Task requirements: From the line that contains "317617-Black Americana, Walkover" down to the final line below, please repeat each line exactly and nothing more, with no pictures.

Input:
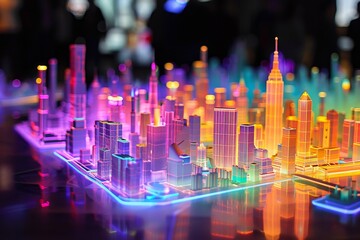 Wall Mural - Holographic city planning simulation for futuristic urban development projects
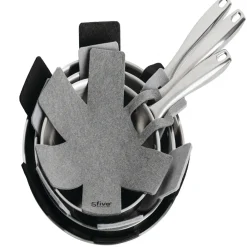 Batterie de cuisine en aluminium, 4 pièces + 6 protections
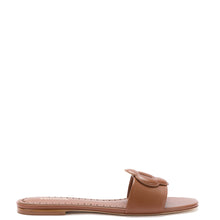 Load image into Gallery viewer, Flora Flat Mule In Caramel Leather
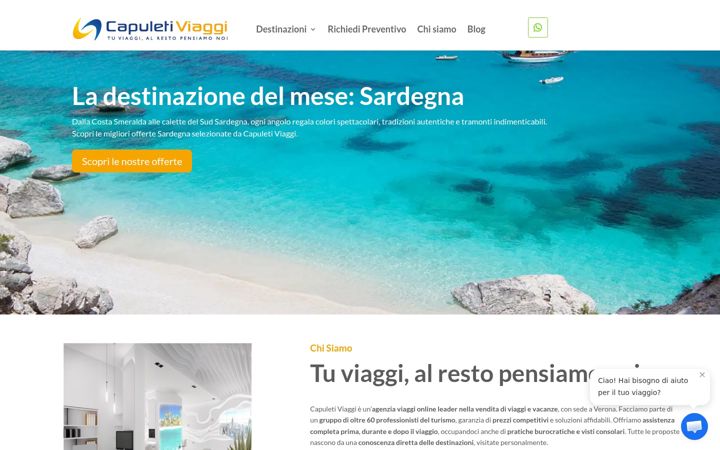 Screenshot of capuletiviaggi.it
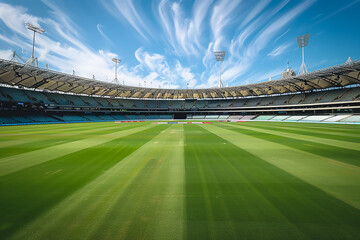 Beautiful view of Cricket stadium with green grass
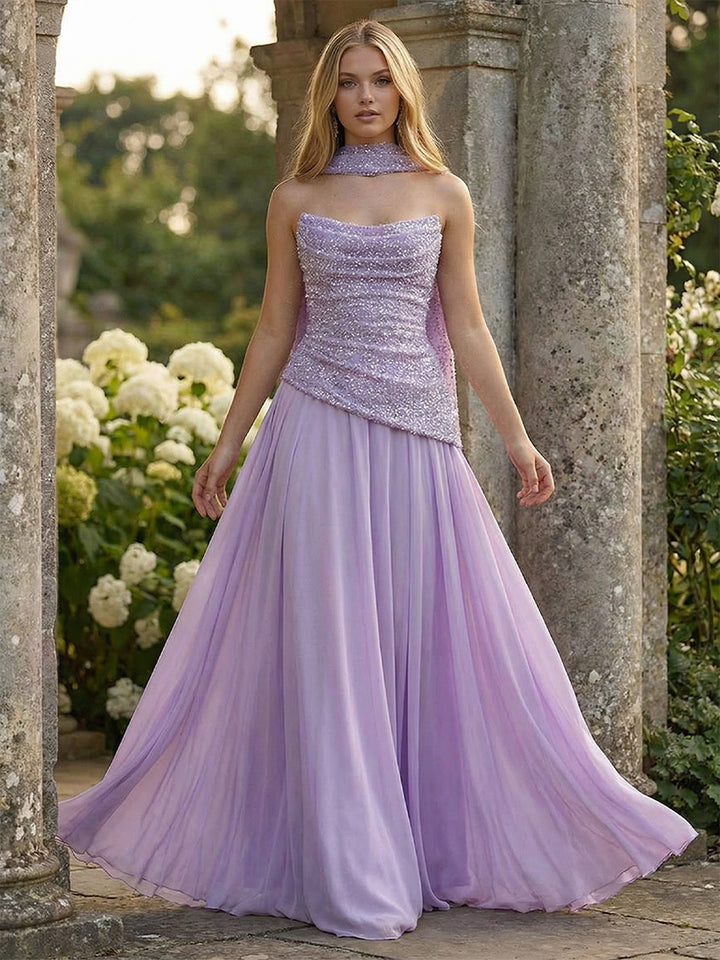 A-Line Strapless Chiffon Ruched Corset Formal Dresses Maxi Sequin Gowns with Scarf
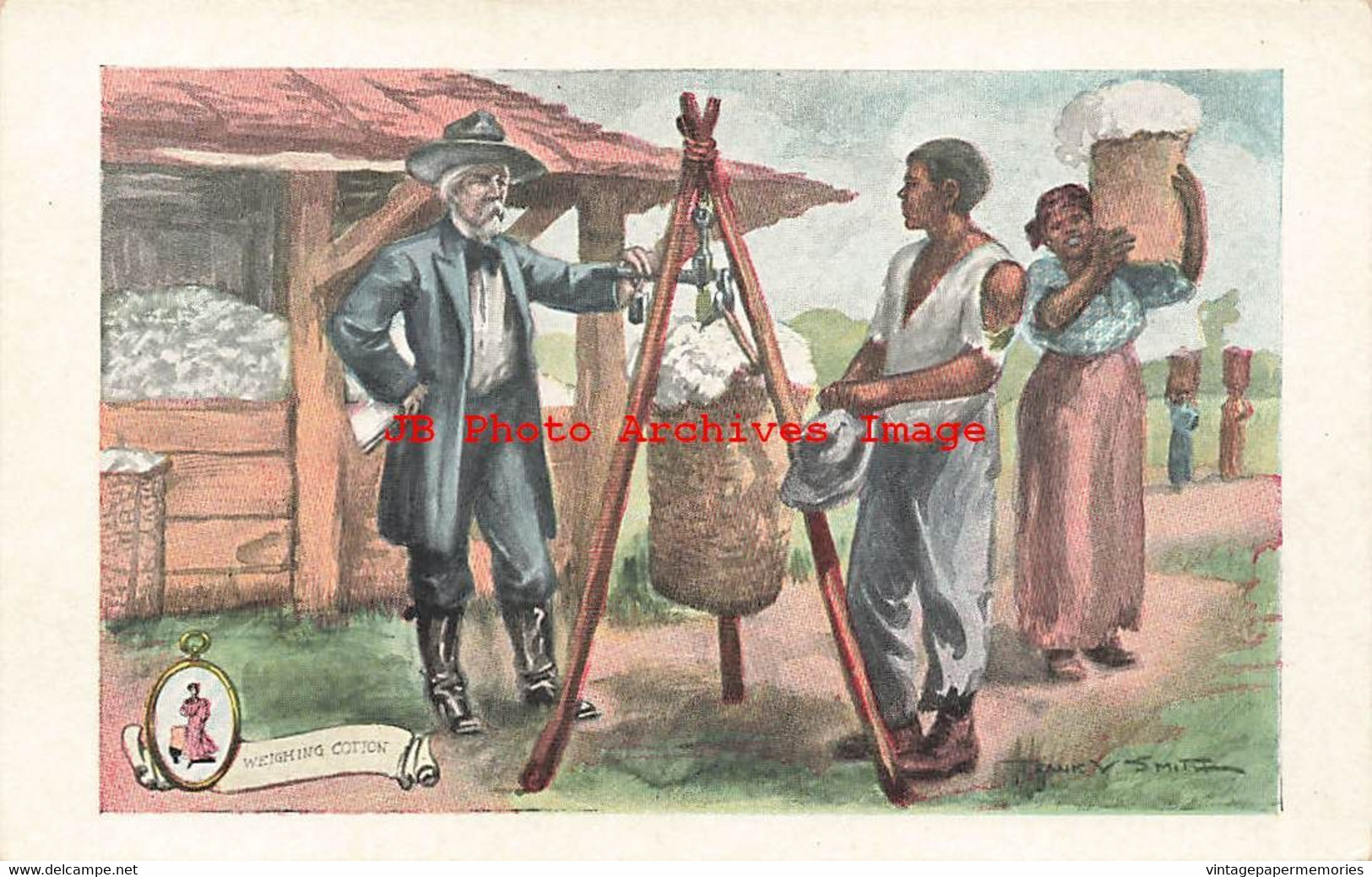 317617-Black Americana, Walkover Shoes Advertising, Frank Smith, Weighing Cotton - Black Americana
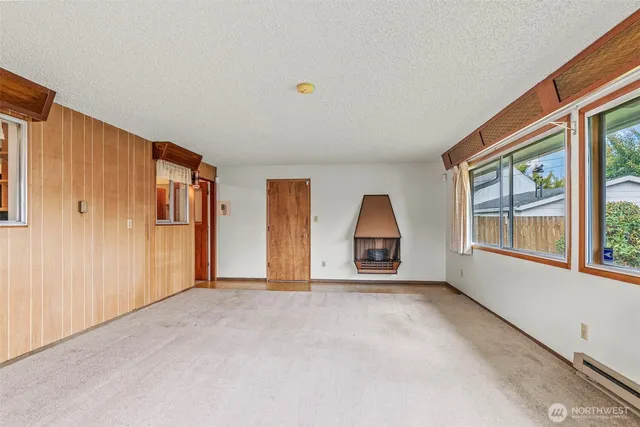 an empty room with windows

Worked solution:
 317617-Black Americana, Walkover Shoes Advertising, Frank Smith, Weighing Cotton - Black Americana
 an empty room with windows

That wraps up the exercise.